先日読んだ『鬼談百景』にゆるく絡んでくる、長編小説(というか創作ドキュメント?)。読んでいる途中も、読み終わってからもこれを「小説」と呼ぶのはどうにも抵抗があるんだけど、帯*1にはそう書いてあるから現状の業界では小説なのでしょう。
夏の怪談祭り(参加者:私だけ)のクライマックスで本書を読んだのだけど、正直なところ盛り上がりに欠けました。地に足が着きすぎてるというか、気持ち悪さのキレが悪いというか、悪い意味で「真面目すぎる」って感じ。
前述の『鬼談百景』の中に収録されている「とあるお話し」が、実は根深くてやっかいでね------というのが大まかな本書の内容なのだけど、淡々と・真面目に・飾り無しの「鬼談スタイル」そのままに長編を連ねたという印象で、怖い話を読んでるという雰囲気では無くなってしまったのでした。
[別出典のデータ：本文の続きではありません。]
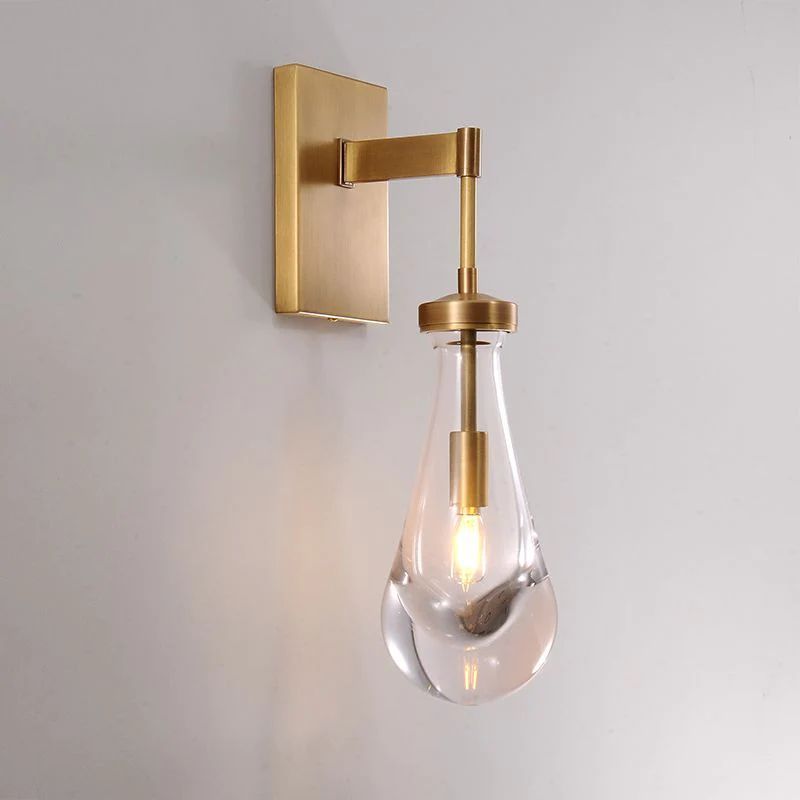 Raindrop Rod Wall Sconce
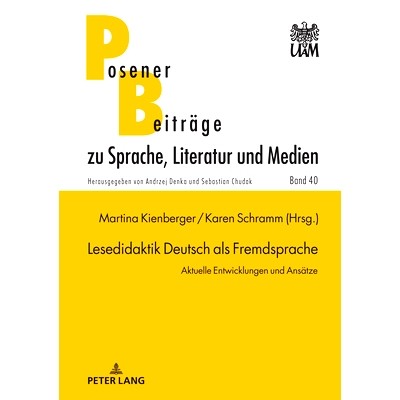 预订 Lesedidaktik Deutsch als Fremdsprache: Aktuelle Entwicklungen und Ansätze 德语作为外语的教学阅读: 9783631907863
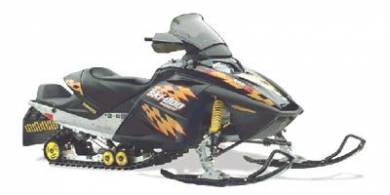 2004 Ski Doo Mx Z Trail 500 Ss Rer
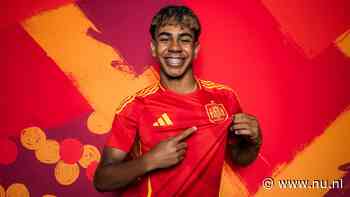 Spaans toptalent Yamal (16) gaat de boeken in als jongste EK-speler ooit
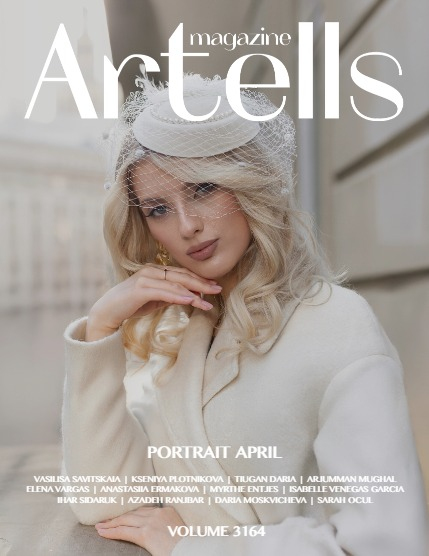 ARTELLS MAGAZINE - PORTRAIT APRIL (Vol 3164), page 1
ただ、筆者と仲間達の取材力の高さは脱帽物!よくぞそこまでたどり着きましたねえと感心しきりで……うん、これも怖いとか気持ち悪いとかっていう範疇ではないなあ。
『屍鬼』『黒祠の島』『魔性の子』ラインの小説を、どうしても期待してしまっていたので、この肩すかし感はどうにもぬぐえません。
少しのあいだリフレッシュしたら、新装版『魔性の子』を読もうかな。